La proposition de loi sur l’agriculture des sénateurs Laurent Duplomb (Les Républicains) et Franck Menonville (UDI, centre), est en passe d’adoption définitive au Parlement mardi 8 juillet, dans sa version définitive toujours très critiquée, avec un dernier vote de l’Assemblée nationale.
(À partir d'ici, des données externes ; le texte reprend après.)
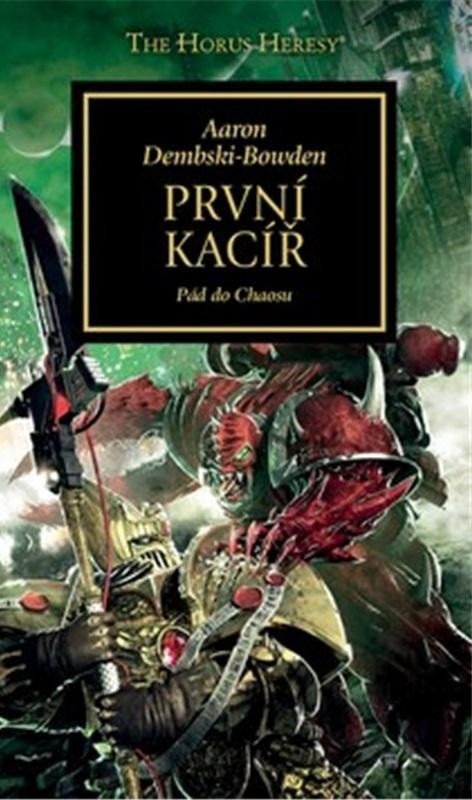 Levně Warhammer 40 000 První kacíř - Pád do Chaosu - Aaron Dembski-Bowden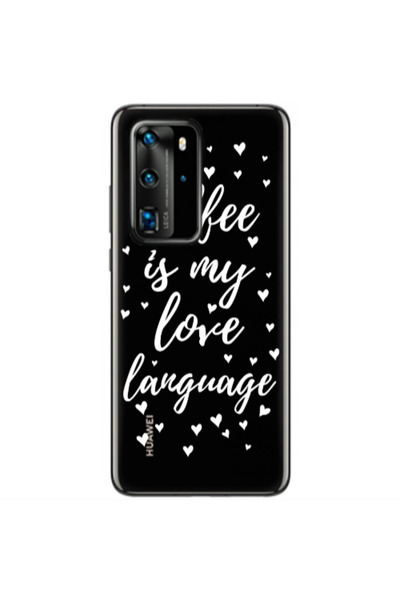 Other Huawei P40 Pro Coffe is my love language Transparent Silicone TPU Θήκη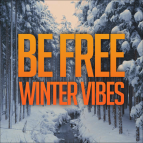 Be Free - Winter Vibes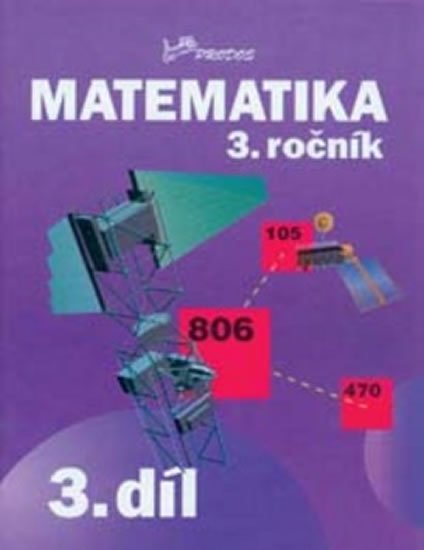 Mikulenková a kolektiv Hana: Matematika 3. ročník - 3.díl Mikulenková a kolektiv Hana: Matematika 3. ročník - 3.díl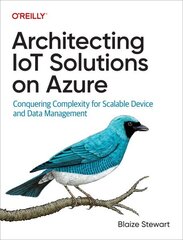 Architecting IoT Solutions on Azure: Conquering Complexity for Scalable Device and Data Management цена и информация | Книги по экономике | kaup24.ee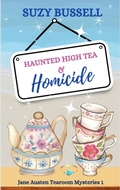 Cover: Haunted High Tea and Homicide - Suzy Bussell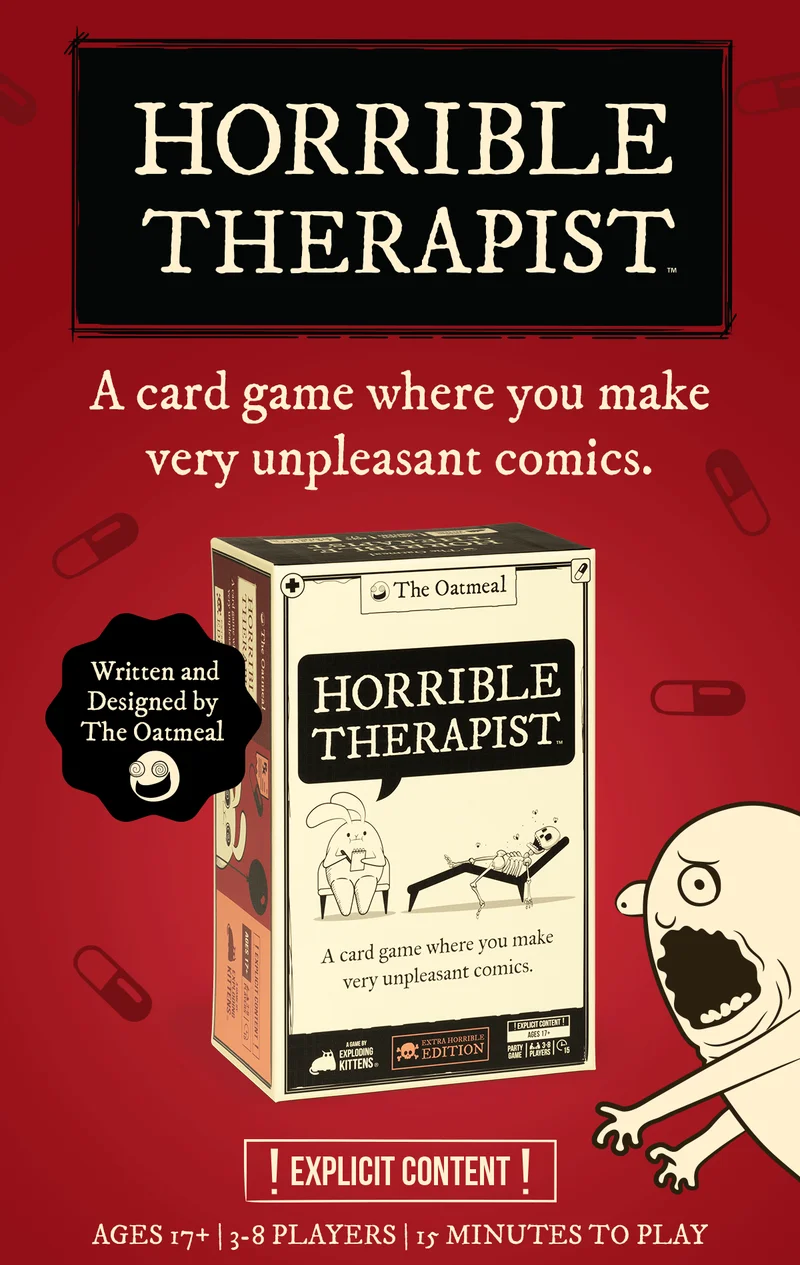 HORRIBLE THERAPIST | A card game where you make very unpleasant comics. | Written and Designed by The Oatmeal | ! EXPLICIT CONTENT ! | AGES 17+ | 3-8 PLAYERS | 15 MINUTES TO PLAY |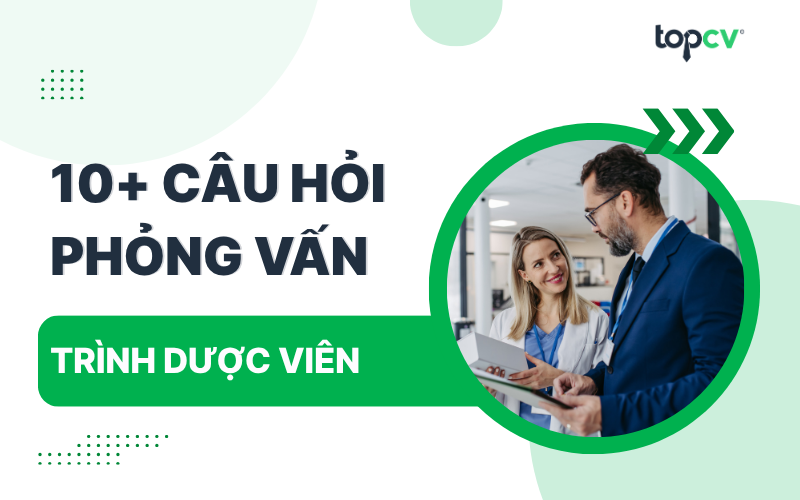 Câu hỏi phỏng vấn Trình dược viên kèm gợi ý trả lời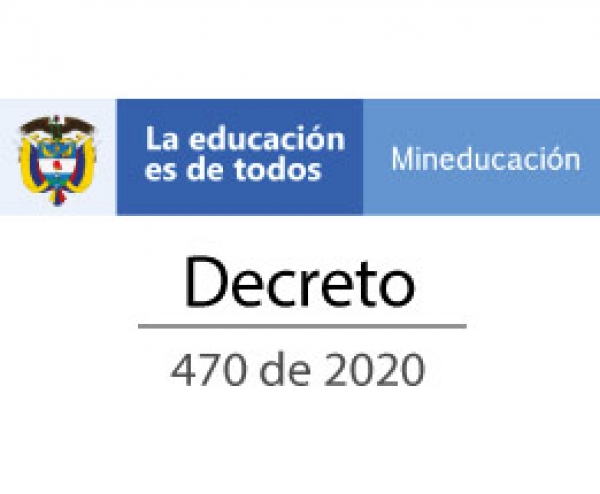 Decreto 470 de 2020 - Por el cual se dictan medidas que brindan herramientas a las entidades territoriales para garantizar la ejecución del Programa de Alimentación Escolar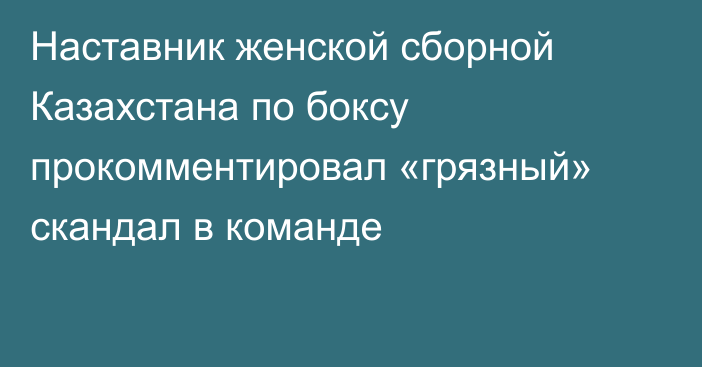 Наставник женской сборной Казахстана по боксу прокомментировал «грязный» скандал в команде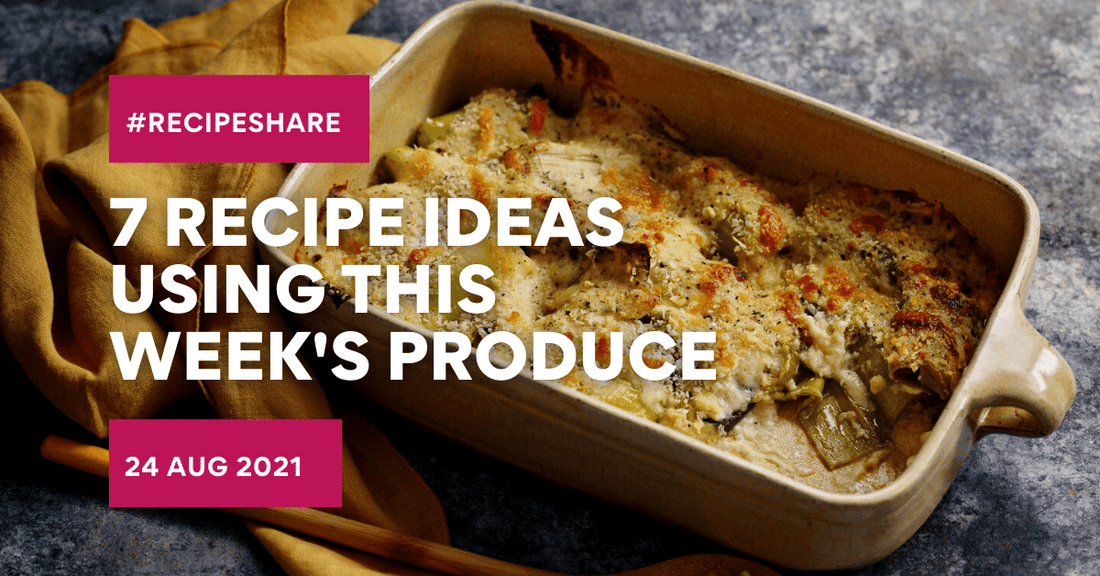 7 Recipe Ideas Using This Week's Produce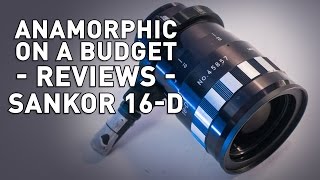 Sankor 16-D - 2x Vintage Anamorphic Lens Review - YouTube
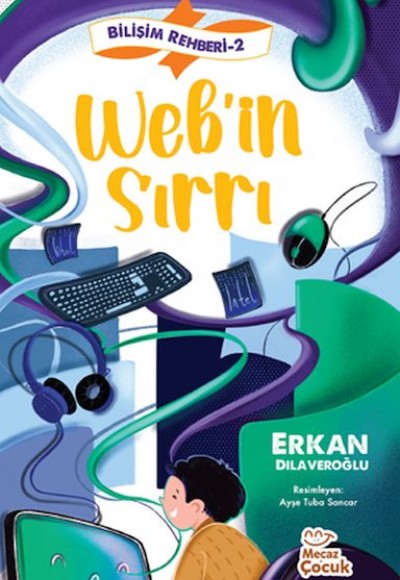 Bilişim Rehberi 2 - Web’in Sırrı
Le texte, présenté comme l’une des réponses à la colère des agriculteurs de l’hiver 2024, et une manière de « lever les contraintes » à l’exercice de leur métier, avait été adopté à 232 voix contre 103 à la Chambre haute.
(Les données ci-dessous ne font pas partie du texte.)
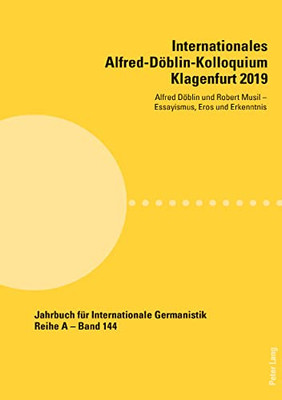 Internationales Alfred-Doeblin-Kolloquium Klagenfurt 2019 : Alfred Doeblin Und Robert Musil - Essayismus, Eros Und Erkenntnis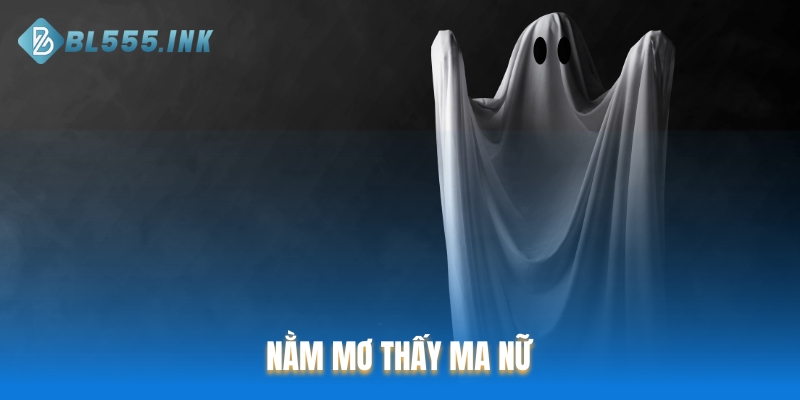 Nằm mơ thấy ma nữ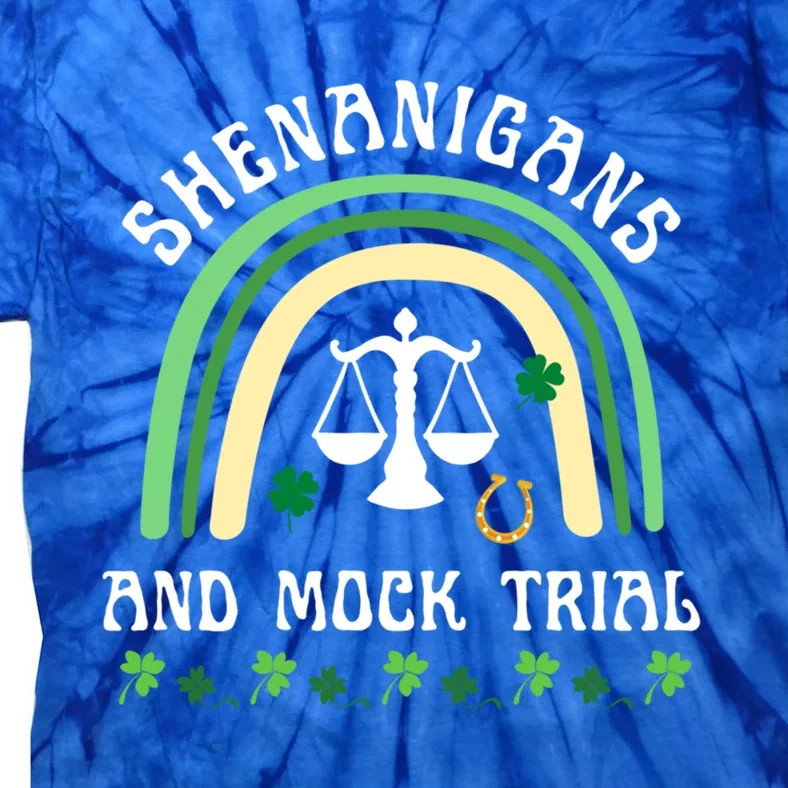 Law School St Patrick's Day Shenanigans And Mock Trial Gift Tie-Dye T-Shirt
Même si l’hémicycle du Palais-Bourbon réserve plus de surprises que la Haute Assemblée, une nette majorité semble néanmoins se dégager sur ce texte commun, soutenu durant une commission mixte paritaire (CMP), le 30 juin, par les représentants de l’ensemble du bloc central et du Rassemblement national.
Réintroduction dérogatoire d’un pesticide interdit en France, relèvement des seuils d’autorisation environnementale pour les bâtiments d’élevage, facilitation des constructions relatives au stockage de l’eau… Les mesures de « simplification » demandées de longue date par une partie du monde agricole – dont la Fédération nationale des syndicats d’exploitants agricoles (FNSEA), Jeunes Agriculteurs (JA), Coordination rurale – figurent dans ce texte.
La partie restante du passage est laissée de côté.